FAQ
Hello.

PostgreSQL is very fast when we perform (even on a huge table)

ALTER TABLE ... ADD COLUMN ... NULL;

(nullable without a default value). This is because of NULL bitmap in
tuples. And it's greatest feature for a developer!


But another very common-case query like

ALTER TABLE ... ADD COLUMN ... BOOLEAN NOT NULL DEFAULT false;
or
ALTER TABLE ... ADD COLUMN ... INT NOT NULL DEFAULT 0;

for a huge table is performed very slow - this is because PostgreSQL have to
re-create all tuples assigning the default value to them. If I have a table
with 1 billion rows (for example), I have no chance to perform this query at
all - too slow.

(In most cases NOT NULL DEFAULT xxx fields are BOOLEAN, flags: it is not
handy to have 3-way flags.)


So, are there plans to optimize such kind of queries? This could be done by
many ways:

1. Store the DEFAULT flag directly in NULL BITMAP (add a bit to NULL bitmap
not only for NULLable fields, but also for NOT NULL DEFAULT ... fields).
2. Add another bitmap for each tuple (DEFAULT bitmap). Bit value 0 means
that there is a real value in a cell, 1 - that the value is default.
3. The same as (1), but always force default value to be 0 (or false or any
other values with meaning "zero") and optimize only these cases.

Search Discussions

  • Peter Eisentraut at May 21, 2009 at 9:51 am

    On Thursday 21 May 2009 11:06:29 Dmitry Koterov wrote:
    1. Store the DEFAULT flag directly in NULL BITMAP (add a bit to NULL bitmap
    not only for NULLable fields, but also for NOT NULL DEFAULT ... fields).
    2. Add another bitmap for each tuple (DEFAULT bitmap). Bit value 0 means
    that there is a real value in a cell, 1 - that the value is default.
    3. The same as (1), but always force default value to be 0 (or false or any
    other values with meaning "zero") and optimize only these cases.
    It seems to me that these solutions would require everyone in the world to pay
    the overhead of a few to many bits in every tuple to optimize what appears to
    be a relatively rare circumstance after all. Doesn't seem worth it to me.
  • Sam Mason at May 21, 2009 at 10:10 am

    On Thu, May 21, 2009 at 12:06:29PM +0400, Dmitry Koterov wrote:
    ALTER TABLE ... ADD COLUMN ... NULL;

    (nullable without a default value). This is because of NULL bitmap in
    tuples. And it's greatest feature for a developer!
    I don't think this is because of the "NULL bitmap". PG just never needs
    to flush the changes to every tuple because it knows that all "old"
    tuples (i.e. ones that were created before this column was added) are
    supposed to be NULL.
    But another very common-case query like

    ALTER TABLE ... ADD COLUMN ... BOOLEAN NOT NULL DEFAULT false;
    or
    ALTER TABLE ... ADD COLUMN ... INT NOT NULL DEFAULT 0;
    So, are there plans to optimize such kind of queries? This could be done by
    many ways:
    I think this hasn't been done before because it's been considered too
    difficult to keep track of everything, but I've just tried to come up
    with an example of why it's difficult and failed. If I'm interpreting
    things correctly it's not nearly as difficult as I thought it should
    be. All that needs to be tracked is the "first" default value (this is
    currently assumed to be NULL). All subsequent INSERTs will have this
    value in the tuple and things should just work out.

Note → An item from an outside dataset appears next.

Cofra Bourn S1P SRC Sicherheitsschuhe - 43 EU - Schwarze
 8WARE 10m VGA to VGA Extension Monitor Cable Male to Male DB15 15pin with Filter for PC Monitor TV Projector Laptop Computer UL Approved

    CREATE TABLE t ( i INTEGER PRIMARY KEY );
    INSERT INTO t (i) VALUES (1);
    ALTER TABLE t ADD COLUMN j INTEGER DEFAULT 1;
    INSERT INTO t (i) VALUES (2);
    ALTER TABLE t ALTER j SET DEFAULT 2;
    INSERT INTO t (i) VALUES (3);
    ALTER TABLE t ALTER j DROP DEFAULT;
    INSERT INTO t (i) VALUES (4);

    After this we will have the following tuples:

    (1)
    (2,1)
    (3,2)
    (4,NULL)

    All that needs to be done is to fill in the "default" for i=1 to the
    first default (i.e. the integer 1) and everything is done.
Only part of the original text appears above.